Then I want to tell you.

Then I think to myself that it’s too much information. It’s too sad. It’s weird to share on a public blog and I’m somehow trying to profit off of something tragic. It’s Gracie’s story so much more than mine and I need to be very careful about what I tell and how I tell it.

Then I find a way to write about it and instead of horribly depressing, it sounds flip. I have a wickedly dark sense of humor with a healthy streak of sarcasm. I worry how you will read it. I don’t want to come off like a cold heartless witch. I don’t want to hurt people I love.

So I wait. And I write. And I save unpublished. And I delete. And so goes this cycle.

But today I woke up and realized it was his birthday. It would be his 43rd birthday if he were still with us. And I feel compelled to write about it. Not so that you will feel sorry for us. Not even so that you will find yourself in a mad rush to hire a photographer. But so that you understand a little why I talk about the things I talk about and why sometimes I probably take this job way too seriously.
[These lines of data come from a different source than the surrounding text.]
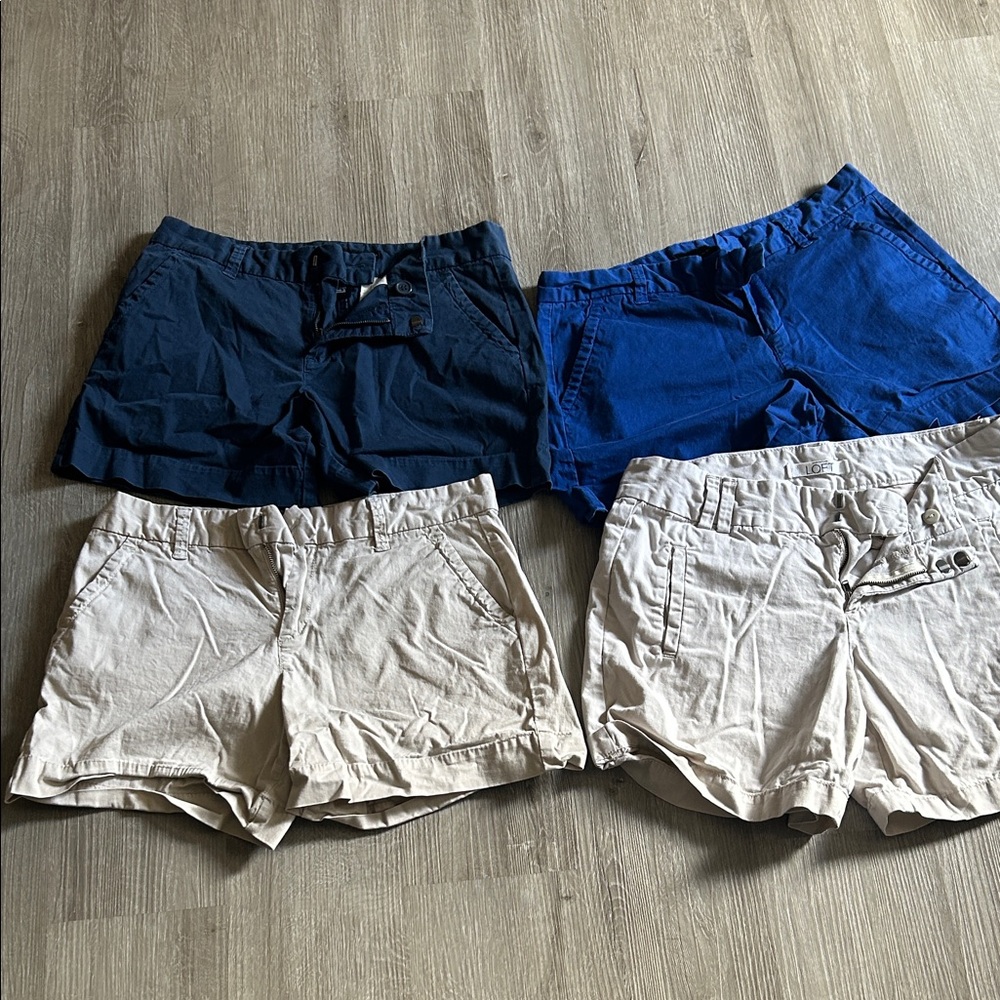 LOFT Men's Flat Front Shorts in Navy, Royal Blue, and Khaki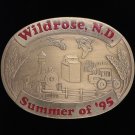 Vtg Nos Wild Rose North Dakota Nd Pheasant Railroad Farming Brass Belt Buckle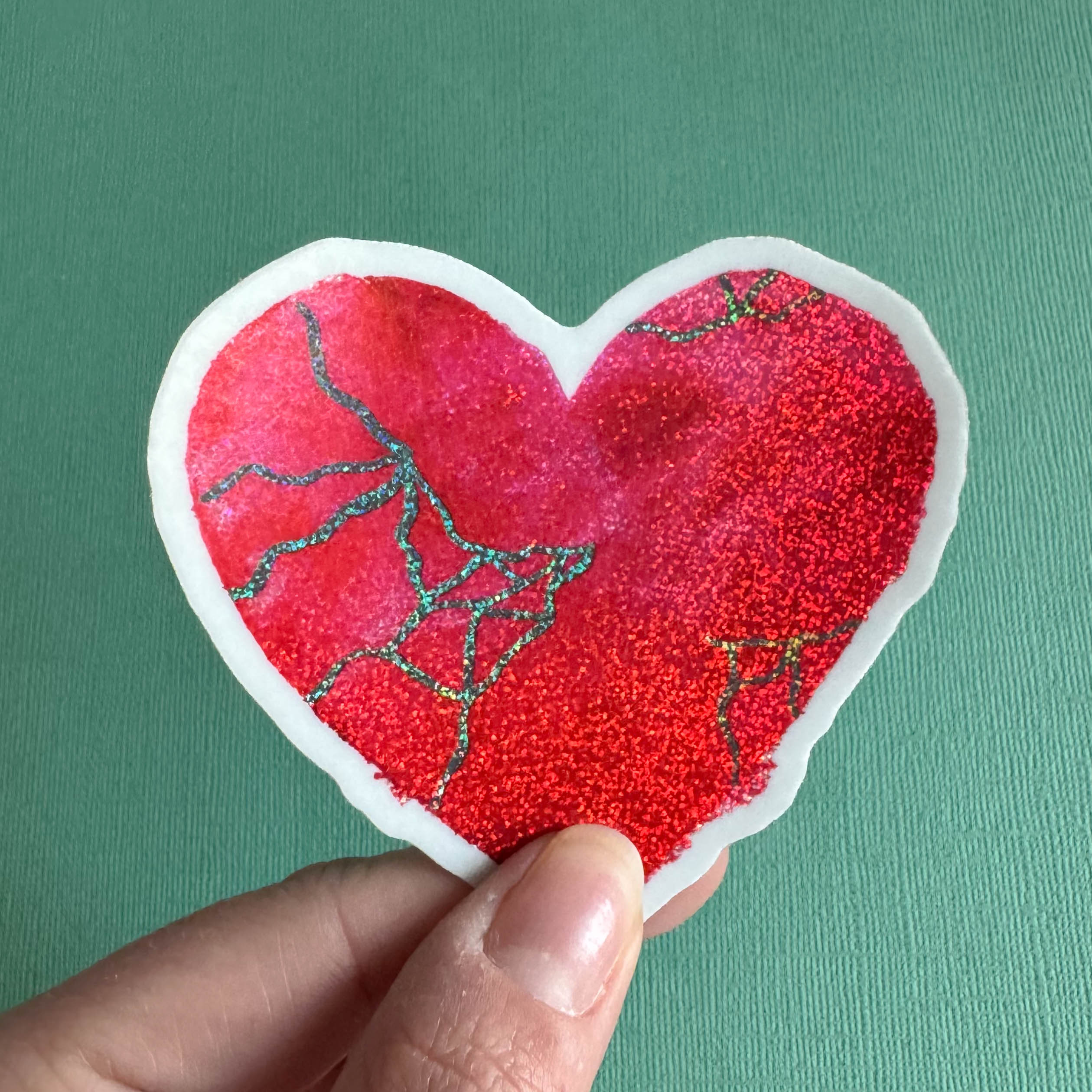 Heart Wants What It Wants Glitter Heart Sticker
7 years ago this coming July, I was in Seattle when I got the call that nobody wants to get. David’s car was in an accident and the driver had perished. I didn’t need to wait for a positive I.D.. I knew. I still want to say so badly that he was my husband. But the truth is that our divorce was final about 10 days prior to the call. Our split was (at least on my end) not for a lack of love. Sometimes love just isn’t enough and this was the case with us.

One more disclaimer. I don’t want to sound like the only person who has lost someone they love. If you’re my age, you’ve probably experienced an untimely death. My grief was no easier or more difficult than anyone else’s But it is a unique kind of grief to lose the father of your young child. It’s crazy making to feel like a widow when you officially are not. Grief is a solo trip. No matter how much love and support you have around you, you’re on your own shitty grief train by your lonesome. It doesn’t hurt worse, it just hurts different.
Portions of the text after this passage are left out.